Nos expulsou ainda porque os índios haviam aprendido conosco a organizar com liberdade o seu alfabeto, a ler e a escrever a sua língua. Começaram a escrever a sua História. História de sua linda terra, do seu glorioso povo e o que sofreram com a construção daBR-174. Os massacres sofridos. (Entre 1972 e 1975 mais de 2.000 Waimiri-Atroari "tombaram no silêncio da mata foram sutilmente enterrados e esquecidos no espaço e no tempo" – Apoena Meireles – OESP 26-10-75). Massacres recentes que os adultos e os jovens haviam presenciado e que nos revelaram em desenhos, por escrito e de viva voz.
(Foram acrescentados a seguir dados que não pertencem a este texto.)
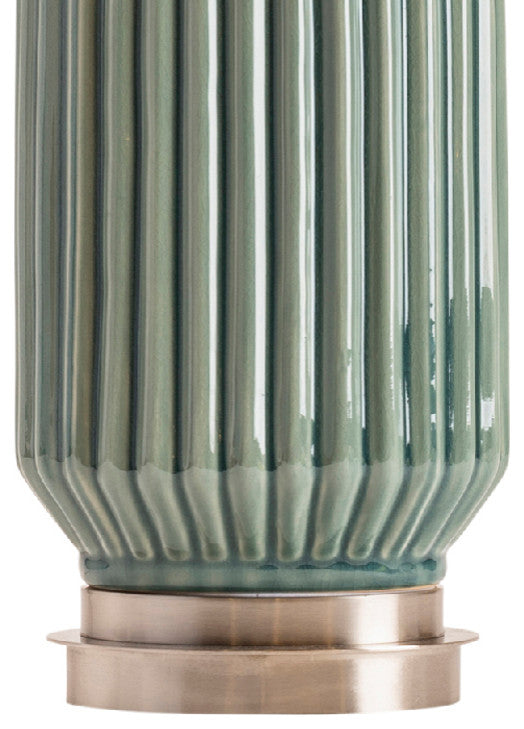 Paige Blue and Gray Ceramic Table Lamp, 28"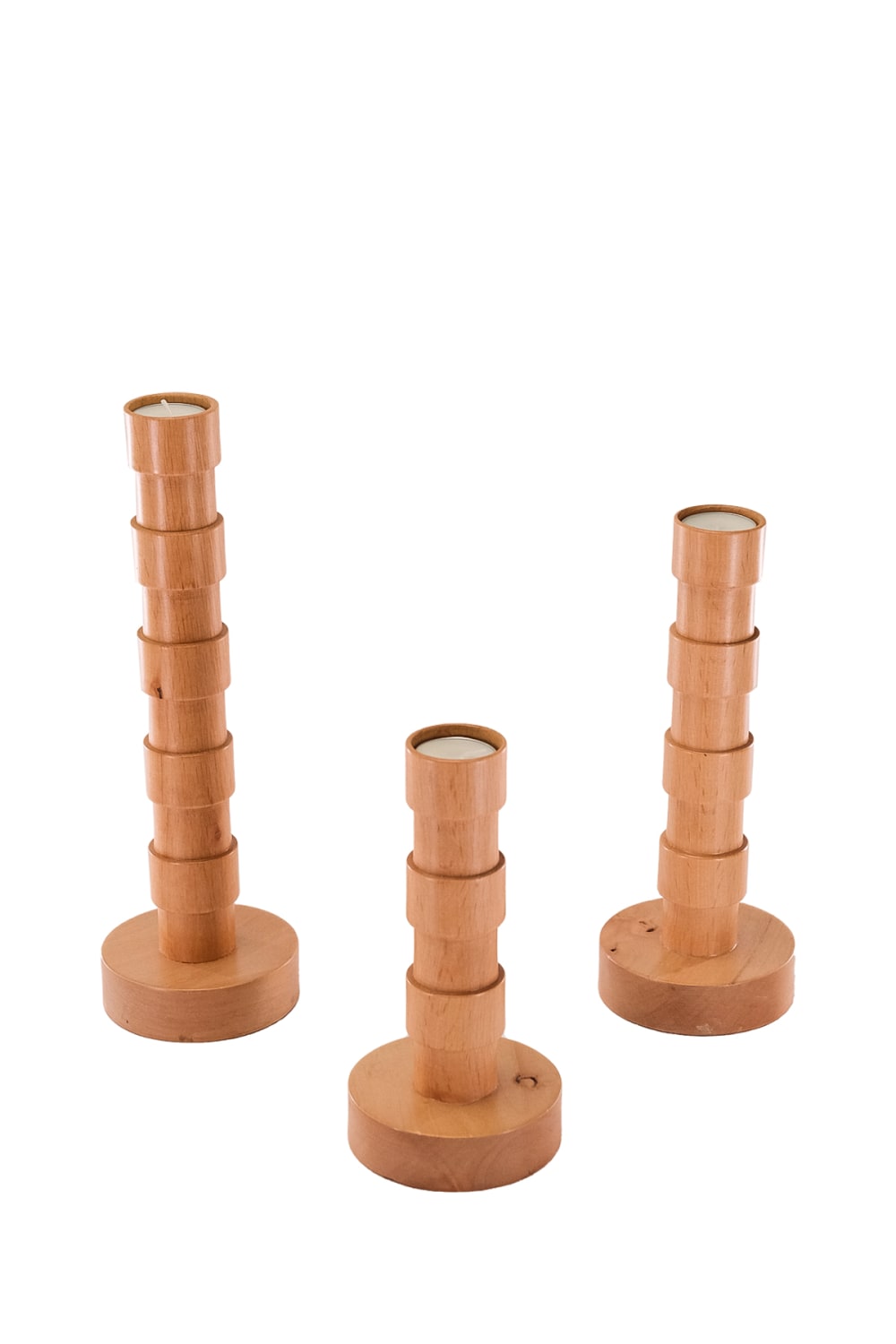 Massello Design-Trio 3'lü Ahşap Şamdan & T-light Mumluk-Mumluk & Şamdan-2-fleurdirect.live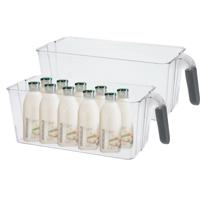 Koelkast/keuken organizer bak - 2x - transparant - kunststof - L30 x B13 x H11 cm - groente lade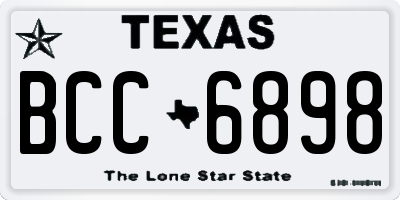 TX license plate BCC6898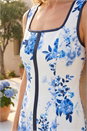 Navy  Petite Floral Drop Waist Dress, Image 4 of 4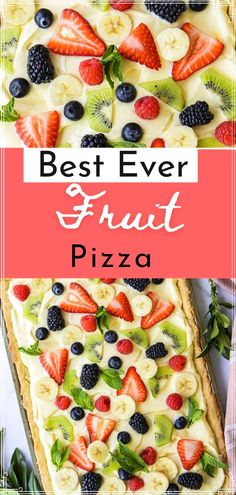 the best ever fruit pizza with fresh fruit on top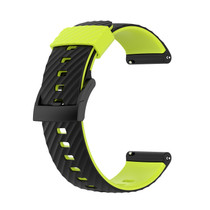 For Suunto 7 24mm Two-color Silicone Watch Band(Black Lime Green)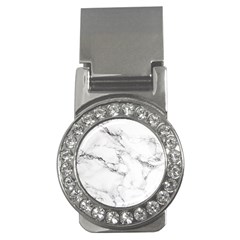 White Faux Marble Money Clips (cz)  by Dushan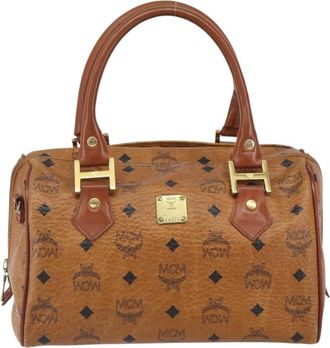 MCM Visetos Handbag Canvas And Leather Brown Canvas Handbag (Pre-Owned)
A grafia dos seus fonemas, decidida por eles mesmos, foi mudada por interferência de linguistas norte-americanos, enviados por Jucá para nos substituir. Assim, com novas e mais sofisticadas matizes tiveram que voltar a repetir a "antiga lição" que o Professor Estêvão da Universidade Nacional de Brasília, também expulso por Jucá, assim resumia: "Funai é que sabe", lição que, sob novas matizes, os faz retomar o processo invasor de suas consciências e do seu patrimônio. Humilhado e abatido, sentado na soleira da porta do posto da FUNAI, o tuchaua assim se despediu de nós: "Vocês, Egydio e Doroti e CIMI fracos como nós". Semelhantemente, os funcionários subalternos, a exemplo do coordenador do NAWA-Núcleo da Apôio Waimiri-Atroari daquele ano de 1986, durante o trabalho de alfabetização dizia-nos: "Tenho muita vontade de participar de um programa desses. Sempre foi sonho deminha vida." Quando executou a nossa expulsão, a mando de Jucá e Amâncio, justificou: "desejo dos índios". Mas a mentira doía-lhe na consciência, por isso tentou explicar a amizade dos índios em relação a nós recorrendo ao preconceito da ferocidade e crueldade dos Waimiri-Atroari, difundido durante mais de 20 anos pela FUNAI: "se existe amizade, não significa que o desejem morando na sua aldeia. Aliás, quem conhece a história dos Waimiri/Atroari, sabe que apesar da amizade demonstrada nos contatos com funcionários da FUNAI, não impediu que fossem feitos vários massacres". Atrás desse mito criado pela FUNAI, os militares, que cultivam mais as armas do que a razão e a consciência, abriram a BR-174 não apenas com máquinas de construção, mas também de guerra. Nenhum funcionário morava com a sua família na área Waimiri-Atroari. Nós quebramos esse preconceito quando fomos pai, mãe e quatro filhos pequenos morar com eles. E sempre nos sentimos, do primeiro ao último dia, muito seguros em suas aldeias. Sem a mínima preocupação.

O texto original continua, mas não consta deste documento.